[Erwin]

In Python 2, the bytecode optimization that lets you access variables by index is turned off if your function has exec code in it that may modify locals.

So if your function is:

   def foo(): exec "a=1"; return a

Then running dis.dis on foo to disassemble the bytecode it you will see:

              8 LOAD_NAME                0 (a)

while you normally would see:

              6 LOAD_FAST                0 (a)

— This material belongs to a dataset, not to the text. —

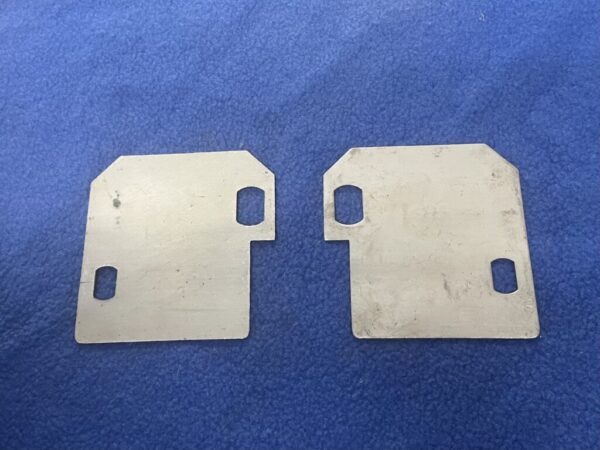 HZA4814 MGB R/B Plate, Front Bumper Mounting Plate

You can't use the exec in locals thing in Python 3 at all I believe.

[speedster217]

I just tested it in Python3:

    def foo():
        exec("a=1")
        return a

    print(foo())

Fails with a NameError:

    Traceback (most recent call last):
      File "test.py", line 5, in <module>
        print(foo())
      File "test.py", line 3, in foo
        return a
    NameError: name 'a' is not defined

[joncatanio]

I get the same error with your example, but this works fine (Python 3.6.4):

    exec("a = 1")
    print(a)

This will print "1".

[yorwba]

That is because the exec runs in the global scope. When Python sees a variable that is not assigned to in the local scope, it is assumed to be a global variable, so when exec creates a new local variable, the load still fails because it looks into the globals dictionary.

But you can do this:

  def foo():
    exec("a = 1")
    return locals()['a']

[joncatanio]

Ahh, I see, this makes more sense. Thanks for the clarification!